Human Development

Karma yoga

Description:
This form of yoga is based on the performance of right action under any circumstances. As such it is a part of all yoga practices. It may however also be viewed as a special method in its own right, distinct from the other major forms of yoga and based primarily upon renunciation of the fruits of all actions. As such it is an aspect of Raja Yoga.

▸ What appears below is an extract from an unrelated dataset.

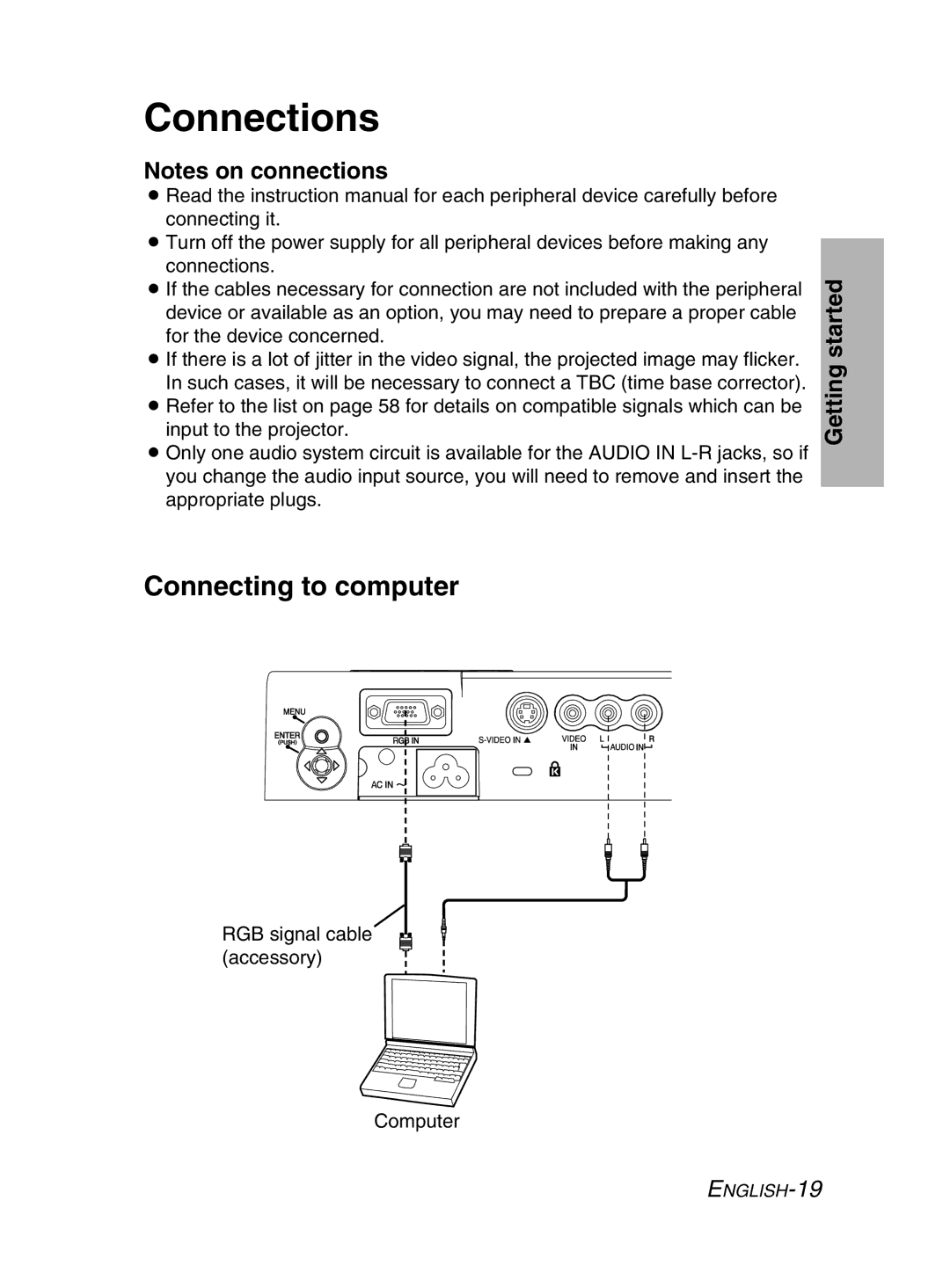 Panasonic PT-LM2E manual Connections, Connecting to computer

Karma yoga is used by persons of action-oriented disposition or, in the system of Master Da Love Ananda (formerly Da Free John), one who has reached stable maturity in the first three stages of life and is set on the path of self-transcending service to others. In this form the individual transcends himself through application to work, whether approached philosophically (under the jnana or knowledge mode), or with an attitude of love (under the bhakti or devotion mode). Work becomes a vehicle for self-transcendence for the individual, in the first case by identifying himself with the impersonal Absolute at the core of his being or, in the second case, by shifting the centre of interest and affection to a personal God, experienced as distinct from himself. In both cases, every act done without thought of self diminishes self-centredness until finally no barrier separates from the identification of consciousness with ultimate reality, however conceived.

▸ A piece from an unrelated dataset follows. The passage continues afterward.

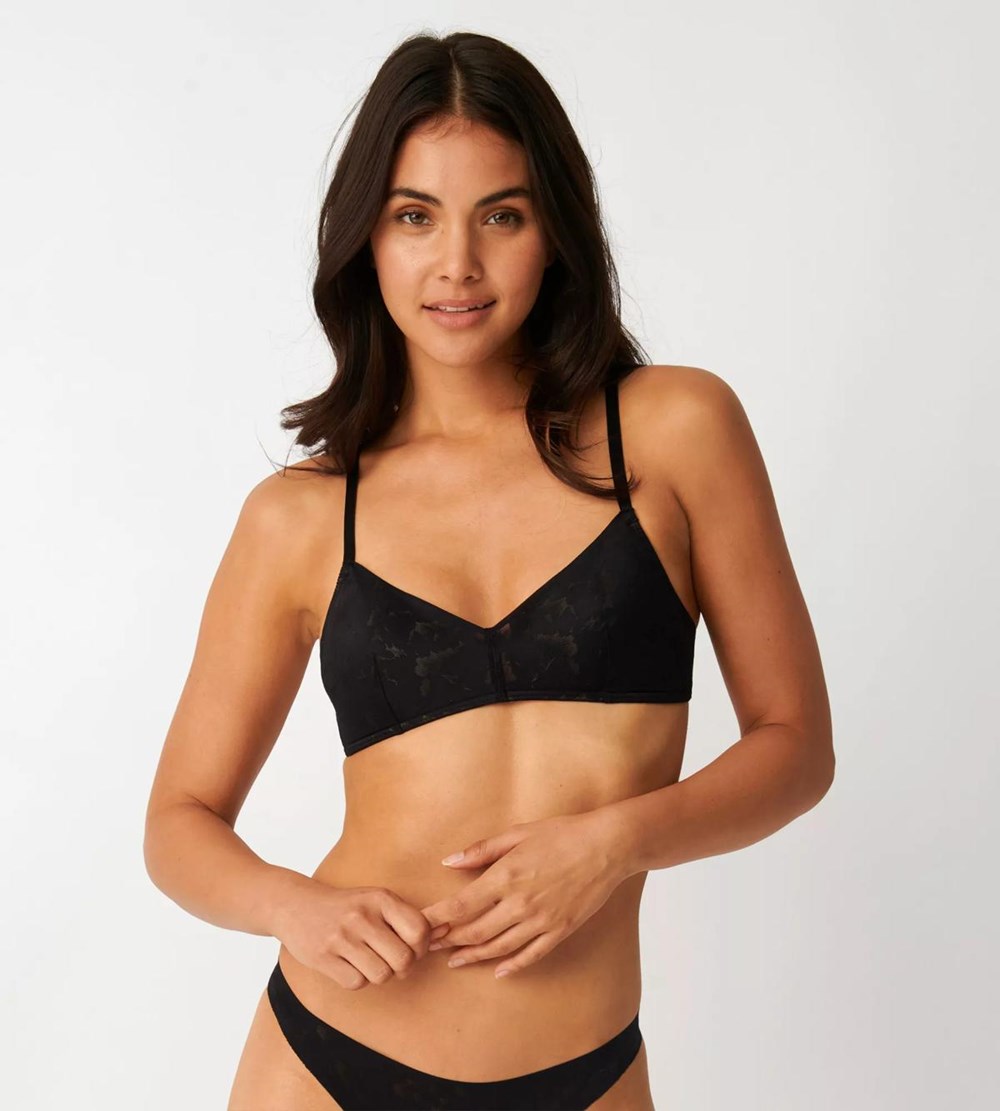 Sloggi Zero Koronkowe Bralette Czarne | 16725-JINU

Whether in the philosophical or devotional mode, both approaches effectively starve the finite personality by deflecting it from the consequences of the actions on which it feeds. As Krishna makes clear in the Bhagavad Gita, all beings in creation are forced to act under the operation of the three [gunas]. However, the follower of [karma yoga] sees actions occurring through himself rather than by himself, he is the observer not the actor, no longer a slave of the three gunas. Pain, loss, and shame become accepted with equanimity because they are seen to touch only the superficial levels of the individual, whereas his identification is progressively transferred (through the work experience) to the underlying immutable self whose limitless joy and serenity are not disturbed by the ephemeral consequences and possibilities of the world of action.
It is through the Bhagavad Gita that the principle of a yoga that can be practised by any individual during normal life and not simply by an ascetic is introduced, and this is perhaps the main distinguishing feature of [karma yoga].